April's growth was driven by rebounds in wholesale trade, mining, quarrying and oil and gas extraction and manufacturing, the federal data agency said. Retail trade was also a top driver of growth, led by food and beverage retailers and gasoline stations, which had posted declines in March.

"Growth within the Canadian economy was good, but not great, over the spring, particularly when viewed in the context of strong labour force and population growth," CIBC economist Andrew Grantham wrote in a research note on Friday.
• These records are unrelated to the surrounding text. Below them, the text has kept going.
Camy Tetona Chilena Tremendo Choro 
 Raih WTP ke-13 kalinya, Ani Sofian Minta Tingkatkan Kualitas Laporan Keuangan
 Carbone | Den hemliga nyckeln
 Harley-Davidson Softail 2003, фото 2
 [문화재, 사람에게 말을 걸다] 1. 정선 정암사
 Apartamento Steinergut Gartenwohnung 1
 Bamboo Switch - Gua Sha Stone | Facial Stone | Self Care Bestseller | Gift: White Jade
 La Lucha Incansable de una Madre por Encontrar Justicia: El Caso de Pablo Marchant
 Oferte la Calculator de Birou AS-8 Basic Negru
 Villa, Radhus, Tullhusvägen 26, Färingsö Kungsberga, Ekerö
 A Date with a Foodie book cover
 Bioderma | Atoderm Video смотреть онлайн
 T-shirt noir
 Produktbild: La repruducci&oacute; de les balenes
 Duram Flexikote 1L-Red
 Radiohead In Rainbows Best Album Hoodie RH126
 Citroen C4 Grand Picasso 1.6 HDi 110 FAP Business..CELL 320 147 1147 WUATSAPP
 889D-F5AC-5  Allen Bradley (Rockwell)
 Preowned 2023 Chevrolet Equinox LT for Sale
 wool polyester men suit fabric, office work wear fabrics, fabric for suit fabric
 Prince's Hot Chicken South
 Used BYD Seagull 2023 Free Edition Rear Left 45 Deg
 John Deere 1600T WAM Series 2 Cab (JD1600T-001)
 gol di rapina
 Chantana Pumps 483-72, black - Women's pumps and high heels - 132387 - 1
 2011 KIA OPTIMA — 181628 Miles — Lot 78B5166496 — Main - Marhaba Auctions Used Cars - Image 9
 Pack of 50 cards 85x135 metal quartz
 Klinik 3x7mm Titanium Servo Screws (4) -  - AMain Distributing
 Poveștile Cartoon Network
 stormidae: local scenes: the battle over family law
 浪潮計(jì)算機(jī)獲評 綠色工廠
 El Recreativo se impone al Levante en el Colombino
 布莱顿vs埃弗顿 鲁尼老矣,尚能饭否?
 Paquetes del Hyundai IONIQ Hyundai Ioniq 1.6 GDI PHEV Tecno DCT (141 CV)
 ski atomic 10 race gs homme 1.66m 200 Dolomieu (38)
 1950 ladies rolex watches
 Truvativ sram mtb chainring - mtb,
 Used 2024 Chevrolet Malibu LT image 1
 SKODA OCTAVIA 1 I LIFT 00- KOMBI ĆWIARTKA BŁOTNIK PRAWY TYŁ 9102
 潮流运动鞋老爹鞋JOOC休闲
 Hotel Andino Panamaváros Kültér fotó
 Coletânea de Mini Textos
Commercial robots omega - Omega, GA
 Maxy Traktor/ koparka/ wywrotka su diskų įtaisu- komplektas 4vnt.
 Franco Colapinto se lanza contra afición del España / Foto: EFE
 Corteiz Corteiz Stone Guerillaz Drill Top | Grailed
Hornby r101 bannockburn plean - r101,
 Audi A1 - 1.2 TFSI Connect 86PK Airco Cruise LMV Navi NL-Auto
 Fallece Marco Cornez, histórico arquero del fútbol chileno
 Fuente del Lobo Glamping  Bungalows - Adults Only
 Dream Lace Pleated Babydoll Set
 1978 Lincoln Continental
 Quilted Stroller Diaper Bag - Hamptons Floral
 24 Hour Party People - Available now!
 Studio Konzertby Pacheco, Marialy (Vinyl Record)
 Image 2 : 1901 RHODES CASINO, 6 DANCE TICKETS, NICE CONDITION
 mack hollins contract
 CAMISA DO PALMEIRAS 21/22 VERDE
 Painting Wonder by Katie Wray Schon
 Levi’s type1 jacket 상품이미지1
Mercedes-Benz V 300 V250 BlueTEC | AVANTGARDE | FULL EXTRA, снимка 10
Grantham also said the monthly slowdown in May suggests the reacceleration of inflation in the same month "likely reflected supply issues or volatility in the data, rather than demand pressures." The consumer price index (CPI) reaccelerated unexpectedly to 2.9 per cent in May while measures of core inflation also increased, reducing the odds of a Bank of Canada rate cut in July.

"We continue to view next week's employment data, and next month's CPI figures as more important in determining whether the Bank of Canada will trim interest rates by a further 25 basis points at the late-July meeting," Grantham wrote.

"(A) follow-up interest rate cut at the July meeting is still possible if core inflationary pressures cool again next month."

Friday's data did little to change the odds of a July cut. Money markets trimmed bets earlier this week after inflation data came in hotter than expected, reducing chances of a July cut from 75 per cent on Monday to around 40 per cent after the Tuesday data release. Following Friday's GDP print, the bets moved up slightly to 42 per cent, Reuters said.